I appreciate the work you have done in the past on this artcle, but you really should not obstruct its further development. I have taken your comment into account and point-by-point responded above to your comments. Be specific if there is any part of my edits you do not like. Just reverting everything I did is, well, you know how that is called.--Patrick 13:58, 8 November 2005 (UTC)

[edit] 4D examples

4D examples with isometries of order 5, 8, 10, and 12 would be interesting.--Patrick 10:47, 8 November 2005 (UTC)

[edit] Compromise?

I tried to read carefully the article and the talk page. I suggest a compromise. I do like Patrick's formulation, but I think it is kind of intimidating especially given that everything else in this article is rather elementary. I tried to thus put it at the bottom as a higher-math perspective.

In this way no content is lost, and people can get the more abstract perspective, but not at the expense of sacrificing a good read for people like me who have no idea of what a discrete isometry is. By the way, I am not an expert, so if the compromise sticks, please do edit that new section. I tried to convey in there some motivation for the isometries formulation, some more might be needed. Oleg Alexandrov (talk) 00:57, 9 November 2005 (UTC)

[edit] Clearer introduction

I rephrased the introduction to make it more precise both for the novice and the expert reader. For one thing, I did not like the caveat that the theorem doesn't have to apply to finite crystals. Yes, all crystals are finite, but they are plenty big enough for the theorem to hold. Greg Kuperberg 17:32, 14 February 2007 (UTC)

Reverted. And your statement that all crystals are "big enough" is mathematical nonsense. The physical observation of crystal symmetry is different from the mathematical proof. A symmetry group that includes translation must be infinite. Quantum chemistry uses the tools of mathematics for explanations, but the universe does what it pleases. When we discover quasicrystals, we do not falsify any theorems. --KSmrq^T 00:04, 15 February 2007 (UTC)

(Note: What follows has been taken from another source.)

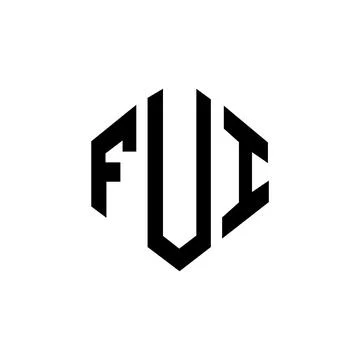 FUI letter logo design with polygon shape. FUI polygon and cube shape logo .. Stock Illustration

[edit] Lattice proof reverts

KSmrq, maybe we understand the word "displacement" there differently. I'm not a mathemathician, and as the paragraph started asking to consider an 8-fold rotation, I understand the "displacement" mentioned as "the act of displacing" (by means of the rotation considered).

Reading it this way (which I would say is the natural one, since the paragraph talks about a rotation, and it's the way I understood it -being not a mathemathician and having no prior knowledge of this topic), the sentence "that same displacement is repeated everywhere in the lattice" is false, since in the same rotation every lattice point gets displaced differently. (Displacing the same way every point would be a translation, not a rotation).

About the second sentence I added, I did because I didn't understand why the collected vectors should have to point to lattice points. So when I discovered why I added it (making the proof clearer, in my opinion). --euyyn 03:26, 1 March 2007 (UTC)

You don't understand the words and you're not sure of the mathematics but you think you can improve it? Not such a good idea. I have added one extra word, which may help; but I've got a minute so I'll explain the lattice proof to you personally, and at greater length than is customary.

The heart of the theorem and the proof is the interaction between translational symmetry and rotational symmetry. We are trying to have both. Consider lattice point A, and lattice point A₁ displaced from it by vector v. At any other lattice point, B, symmetry says that B+v must also be a lattice point, B₁. This is true for any lattice, regardless of rotational symmetry.

Now suppose we have 8-fold rotational symmetry. If displacement v exists, then rotated copies of it exist (and exist everywhere in the lattice). Beginning with v horizontal from A to A₁, rotation gives a regular octagon of lattice points surrounding A, call them A₁ through A₈.

Focus attention on the displacement from A₁ to A₂, call it vector u. Trivial geometry shows that u is about 80% shorter than v. But now we can apply rotational symmetry to u to generate a smaller octagon, then use one of its edges, and so on until the displacment vector is as short as we wish.

That's a problem: We demand that lattice points should be separated by finite displacements, a demand that this process violates. Thus the 8-fold rotational symmetry forces a contradiction. In fact, such diminution happens for any n-fold rotational symmetry when n is greater than 6.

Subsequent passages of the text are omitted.